EXERCISE DIRECTIONS: In the records below, find the line that contains "Agrandir l'image 1 sur 6, fenêtre modale" and the line that contains "Sarah Bose Speech", then retype exactly those two lines and every line between them.

(Records from a data source)
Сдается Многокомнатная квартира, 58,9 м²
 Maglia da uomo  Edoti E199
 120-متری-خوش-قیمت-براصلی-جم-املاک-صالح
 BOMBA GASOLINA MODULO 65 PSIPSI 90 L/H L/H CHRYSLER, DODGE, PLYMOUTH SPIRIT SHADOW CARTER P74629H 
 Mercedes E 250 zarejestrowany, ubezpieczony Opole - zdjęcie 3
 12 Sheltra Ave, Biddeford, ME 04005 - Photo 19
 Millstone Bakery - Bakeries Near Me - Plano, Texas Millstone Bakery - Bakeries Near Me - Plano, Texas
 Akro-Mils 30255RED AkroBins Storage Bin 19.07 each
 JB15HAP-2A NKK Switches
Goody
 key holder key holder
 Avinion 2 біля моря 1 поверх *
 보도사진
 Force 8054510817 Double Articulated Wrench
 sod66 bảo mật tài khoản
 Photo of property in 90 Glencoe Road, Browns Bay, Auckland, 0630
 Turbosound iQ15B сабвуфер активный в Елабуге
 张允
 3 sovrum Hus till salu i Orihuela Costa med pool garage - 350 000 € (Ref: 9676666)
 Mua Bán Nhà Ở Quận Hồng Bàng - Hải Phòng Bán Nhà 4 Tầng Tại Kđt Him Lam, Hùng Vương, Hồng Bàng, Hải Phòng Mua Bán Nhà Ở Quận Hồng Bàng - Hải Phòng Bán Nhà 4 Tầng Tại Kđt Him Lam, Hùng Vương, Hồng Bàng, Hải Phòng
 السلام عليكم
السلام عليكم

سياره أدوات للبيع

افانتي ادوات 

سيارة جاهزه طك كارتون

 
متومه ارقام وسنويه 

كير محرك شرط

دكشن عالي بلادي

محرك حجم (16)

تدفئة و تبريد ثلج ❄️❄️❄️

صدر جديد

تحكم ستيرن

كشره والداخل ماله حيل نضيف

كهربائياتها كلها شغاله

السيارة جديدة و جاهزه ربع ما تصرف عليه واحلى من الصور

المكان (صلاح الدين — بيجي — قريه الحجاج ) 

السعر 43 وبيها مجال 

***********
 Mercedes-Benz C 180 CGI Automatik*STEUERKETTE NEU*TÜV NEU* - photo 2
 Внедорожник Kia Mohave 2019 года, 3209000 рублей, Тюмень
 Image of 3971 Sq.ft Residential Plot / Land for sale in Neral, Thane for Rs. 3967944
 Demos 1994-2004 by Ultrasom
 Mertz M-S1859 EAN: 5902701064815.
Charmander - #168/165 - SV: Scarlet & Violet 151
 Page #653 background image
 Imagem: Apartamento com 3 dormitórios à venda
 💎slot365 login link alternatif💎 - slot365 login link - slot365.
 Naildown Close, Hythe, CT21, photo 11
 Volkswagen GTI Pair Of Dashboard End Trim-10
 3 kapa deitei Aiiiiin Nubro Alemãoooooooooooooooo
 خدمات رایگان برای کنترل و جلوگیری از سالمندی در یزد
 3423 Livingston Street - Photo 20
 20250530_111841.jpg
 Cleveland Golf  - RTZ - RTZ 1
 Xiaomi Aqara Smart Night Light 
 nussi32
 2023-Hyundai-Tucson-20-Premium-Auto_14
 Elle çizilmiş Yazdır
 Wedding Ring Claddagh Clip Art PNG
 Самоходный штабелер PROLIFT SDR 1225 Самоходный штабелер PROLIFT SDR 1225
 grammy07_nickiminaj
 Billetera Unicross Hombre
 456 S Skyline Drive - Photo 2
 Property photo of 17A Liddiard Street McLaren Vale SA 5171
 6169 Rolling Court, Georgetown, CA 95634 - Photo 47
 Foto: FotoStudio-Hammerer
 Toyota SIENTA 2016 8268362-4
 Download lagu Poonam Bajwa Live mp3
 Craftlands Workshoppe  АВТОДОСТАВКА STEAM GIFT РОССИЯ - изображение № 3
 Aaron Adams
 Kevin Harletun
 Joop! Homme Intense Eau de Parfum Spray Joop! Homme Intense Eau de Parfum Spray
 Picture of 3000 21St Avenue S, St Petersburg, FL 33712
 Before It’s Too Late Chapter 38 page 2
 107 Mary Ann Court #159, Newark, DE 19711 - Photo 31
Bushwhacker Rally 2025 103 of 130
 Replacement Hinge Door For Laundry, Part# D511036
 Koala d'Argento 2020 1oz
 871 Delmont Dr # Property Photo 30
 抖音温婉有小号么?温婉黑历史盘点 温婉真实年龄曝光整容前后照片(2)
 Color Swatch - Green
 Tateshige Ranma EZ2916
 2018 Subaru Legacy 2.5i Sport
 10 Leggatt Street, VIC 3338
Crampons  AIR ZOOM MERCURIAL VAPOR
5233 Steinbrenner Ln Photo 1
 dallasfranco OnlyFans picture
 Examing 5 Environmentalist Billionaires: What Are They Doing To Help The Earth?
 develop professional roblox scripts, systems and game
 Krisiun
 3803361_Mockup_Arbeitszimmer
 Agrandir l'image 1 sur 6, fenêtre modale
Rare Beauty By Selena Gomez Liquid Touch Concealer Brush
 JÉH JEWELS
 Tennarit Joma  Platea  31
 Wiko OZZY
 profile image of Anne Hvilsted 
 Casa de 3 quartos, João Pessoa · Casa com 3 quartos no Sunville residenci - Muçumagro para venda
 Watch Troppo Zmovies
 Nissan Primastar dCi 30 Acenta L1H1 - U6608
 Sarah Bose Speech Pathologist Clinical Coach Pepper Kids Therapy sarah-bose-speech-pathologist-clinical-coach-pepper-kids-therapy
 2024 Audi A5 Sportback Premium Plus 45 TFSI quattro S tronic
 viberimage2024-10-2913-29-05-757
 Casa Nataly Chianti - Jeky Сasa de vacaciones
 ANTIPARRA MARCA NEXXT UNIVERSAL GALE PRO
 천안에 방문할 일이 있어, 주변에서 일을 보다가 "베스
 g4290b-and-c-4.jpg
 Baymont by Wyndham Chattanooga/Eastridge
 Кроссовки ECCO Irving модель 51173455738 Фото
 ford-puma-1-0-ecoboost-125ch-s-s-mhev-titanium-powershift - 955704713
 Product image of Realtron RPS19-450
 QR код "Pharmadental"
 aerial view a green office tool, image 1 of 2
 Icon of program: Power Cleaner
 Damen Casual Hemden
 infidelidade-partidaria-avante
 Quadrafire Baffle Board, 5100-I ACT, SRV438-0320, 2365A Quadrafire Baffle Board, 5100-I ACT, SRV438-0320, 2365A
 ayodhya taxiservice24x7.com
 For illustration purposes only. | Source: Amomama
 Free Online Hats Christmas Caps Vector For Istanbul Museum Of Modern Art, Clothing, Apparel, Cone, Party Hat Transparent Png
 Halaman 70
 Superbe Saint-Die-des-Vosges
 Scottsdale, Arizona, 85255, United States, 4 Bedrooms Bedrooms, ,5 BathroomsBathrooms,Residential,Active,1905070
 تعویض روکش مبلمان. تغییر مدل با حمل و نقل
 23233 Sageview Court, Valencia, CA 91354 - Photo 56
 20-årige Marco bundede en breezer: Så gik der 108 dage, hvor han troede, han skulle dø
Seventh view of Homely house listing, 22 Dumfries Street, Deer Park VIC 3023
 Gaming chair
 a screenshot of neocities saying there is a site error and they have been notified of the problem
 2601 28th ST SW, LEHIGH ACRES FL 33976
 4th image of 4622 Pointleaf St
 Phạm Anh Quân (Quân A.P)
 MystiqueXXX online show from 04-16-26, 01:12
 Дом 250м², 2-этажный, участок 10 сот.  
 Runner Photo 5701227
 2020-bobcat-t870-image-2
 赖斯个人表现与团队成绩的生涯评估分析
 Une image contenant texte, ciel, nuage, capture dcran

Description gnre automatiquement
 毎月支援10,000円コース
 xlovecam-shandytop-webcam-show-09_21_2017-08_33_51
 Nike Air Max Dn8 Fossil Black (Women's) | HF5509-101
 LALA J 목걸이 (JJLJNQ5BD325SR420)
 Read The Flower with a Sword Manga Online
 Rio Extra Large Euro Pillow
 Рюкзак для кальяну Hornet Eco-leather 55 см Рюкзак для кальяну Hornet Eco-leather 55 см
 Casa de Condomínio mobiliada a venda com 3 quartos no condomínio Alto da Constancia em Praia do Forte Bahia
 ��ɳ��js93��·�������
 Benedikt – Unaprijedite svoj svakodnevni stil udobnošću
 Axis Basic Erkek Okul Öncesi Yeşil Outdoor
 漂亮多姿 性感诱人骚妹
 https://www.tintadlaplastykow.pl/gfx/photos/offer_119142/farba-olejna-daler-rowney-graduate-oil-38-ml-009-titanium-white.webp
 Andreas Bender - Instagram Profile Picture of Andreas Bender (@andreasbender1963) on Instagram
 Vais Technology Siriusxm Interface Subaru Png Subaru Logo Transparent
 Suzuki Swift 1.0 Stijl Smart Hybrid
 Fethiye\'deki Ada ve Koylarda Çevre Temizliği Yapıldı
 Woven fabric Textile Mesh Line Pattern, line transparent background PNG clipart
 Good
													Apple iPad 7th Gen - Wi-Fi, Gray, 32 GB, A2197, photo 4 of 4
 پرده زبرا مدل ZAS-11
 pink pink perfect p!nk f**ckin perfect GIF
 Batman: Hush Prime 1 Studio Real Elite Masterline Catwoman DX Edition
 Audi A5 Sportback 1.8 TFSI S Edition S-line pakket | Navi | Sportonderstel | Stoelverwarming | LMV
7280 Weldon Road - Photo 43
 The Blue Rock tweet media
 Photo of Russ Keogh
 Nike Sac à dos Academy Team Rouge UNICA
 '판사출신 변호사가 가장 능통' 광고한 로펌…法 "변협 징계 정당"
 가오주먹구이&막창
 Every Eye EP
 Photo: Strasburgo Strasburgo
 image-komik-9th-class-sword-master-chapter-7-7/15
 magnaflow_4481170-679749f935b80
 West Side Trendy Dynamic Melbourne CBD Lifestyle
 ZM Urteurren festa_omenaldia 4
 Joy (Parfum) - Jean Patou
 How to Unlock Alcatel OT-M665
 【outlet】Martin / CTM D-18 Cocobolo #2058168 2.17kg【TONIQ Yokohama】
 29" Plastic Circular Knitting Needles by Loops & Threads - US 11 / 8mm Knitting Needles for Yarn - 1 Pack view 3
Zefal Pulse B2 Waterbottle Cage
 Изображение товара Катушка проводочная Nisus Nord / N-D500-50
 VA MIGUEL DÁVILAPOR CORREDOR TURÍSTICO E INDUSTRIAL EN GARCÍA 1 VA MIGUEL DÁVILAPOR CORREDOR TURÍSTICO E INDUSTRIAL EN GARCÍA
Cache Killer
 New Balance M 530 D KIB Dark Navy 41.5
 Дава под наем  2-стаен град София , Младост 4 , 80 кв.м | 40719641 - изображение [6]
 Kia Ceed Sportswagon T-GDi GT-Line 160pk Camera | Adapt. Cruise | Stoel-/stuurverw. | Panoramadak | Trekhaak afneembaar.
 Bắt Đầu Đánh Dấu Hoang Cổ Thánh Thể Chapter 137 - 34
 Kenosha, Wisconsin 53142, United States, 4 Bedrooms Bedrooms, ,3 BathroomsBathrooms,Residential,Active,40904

TASK RESULT:
 Agrandir l'image 1 sur 6, fenêtre modale
Rare Beauty By Selena Gomez Liquid Touch Concealer Brush
 JÉH JEWELS
 Tennarit Joma  Platea  31
 Wiko OZZY
 profile image of Anne Hvilsted 
 Casa de 3 quartos, João Pessoa · Casa com 3 quartos no Sunville residenci - Muçumagro para venda
 Watch Troppo Zmovies
 Nissan Primastar dCi 30 Acenta L1H1 - U6608
 Sarah Bose Speech Pathologist Clinical Coach Pepper Kids Therapy sarah-bose-speech-pathologist-clinical-coach-pepper-kids-therapy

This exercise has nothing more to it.